* [What you need to do]:
Everything in the listing below must be reproduced exactly, apart from its images.

* [Given data]:
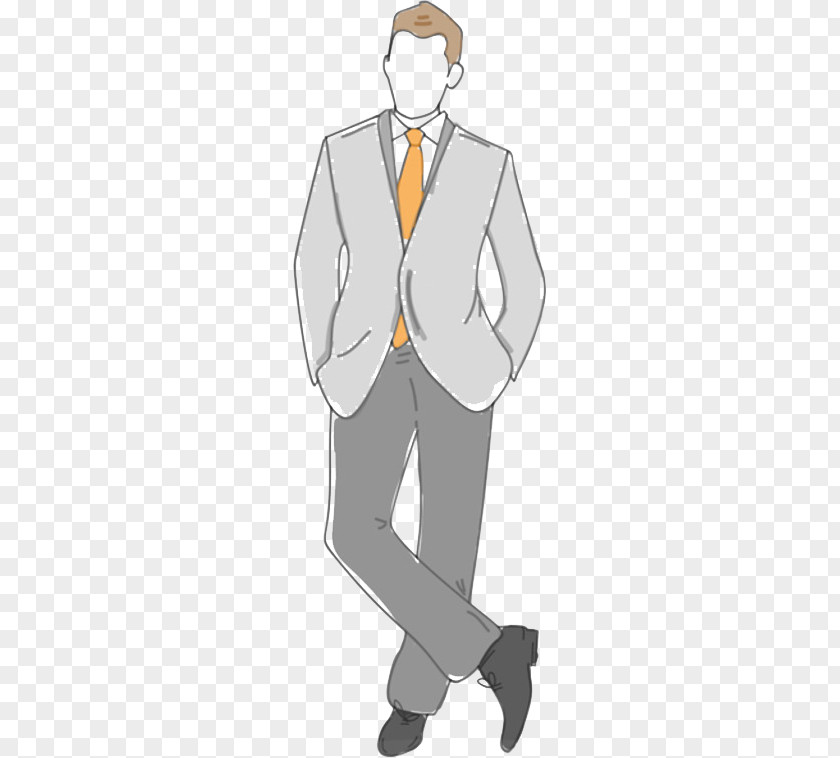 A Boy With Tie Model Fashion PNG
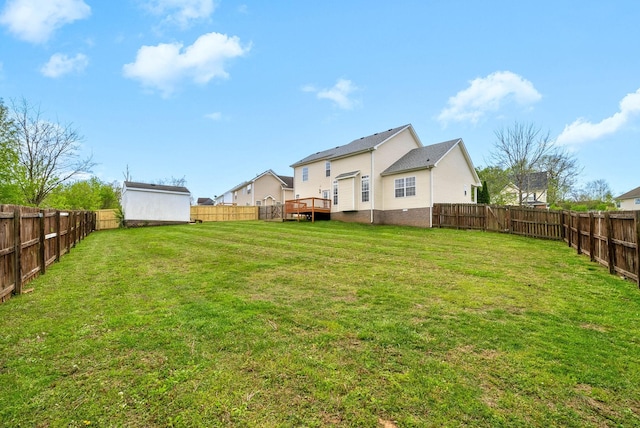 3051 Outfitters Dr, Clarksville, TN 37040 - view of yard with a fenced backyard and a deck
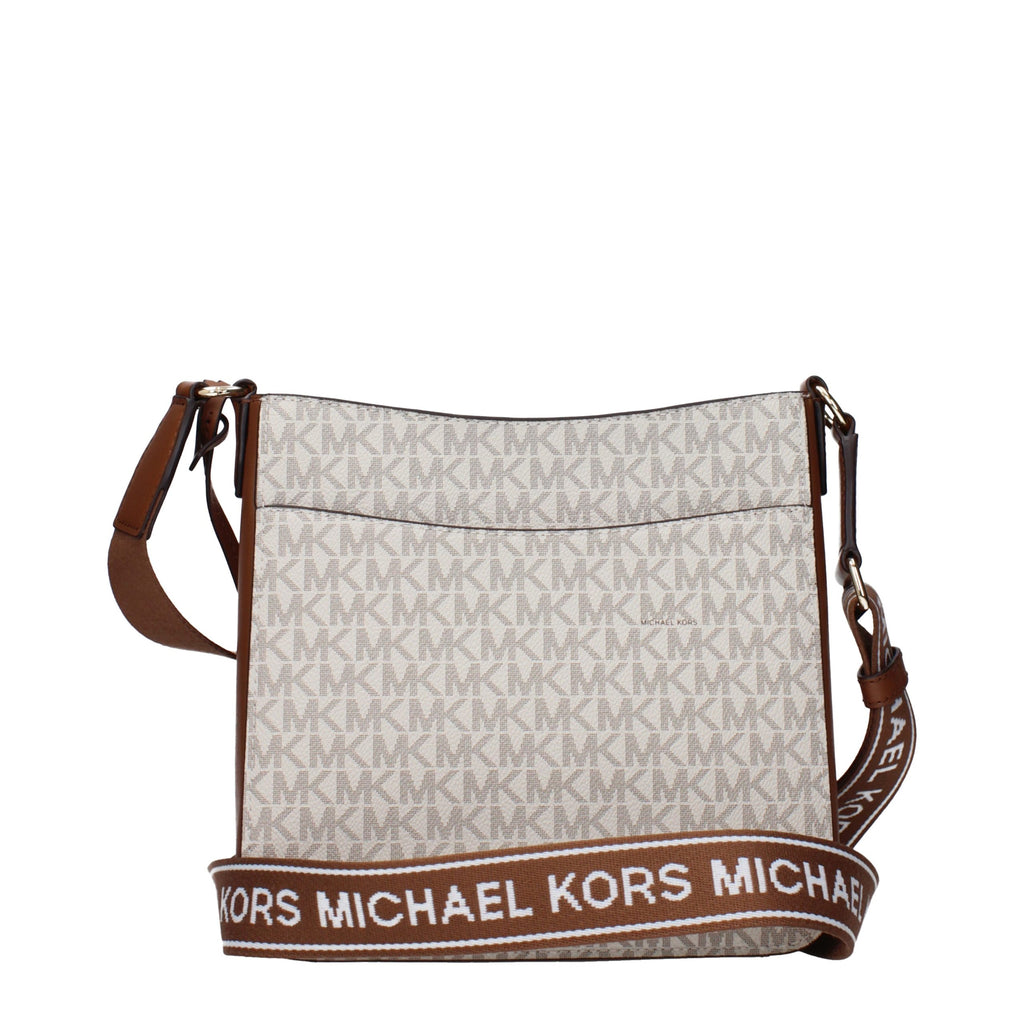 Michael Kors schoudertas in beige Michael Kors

* [Output for this task]:
 A Boy With Tie Model Fashion PNG
 3051 Outfitters Dr, Clarksville, TN 37040 - view of yard with a fenced backyard and a deck
 Michael Kors schoudertas in beige Michael Kors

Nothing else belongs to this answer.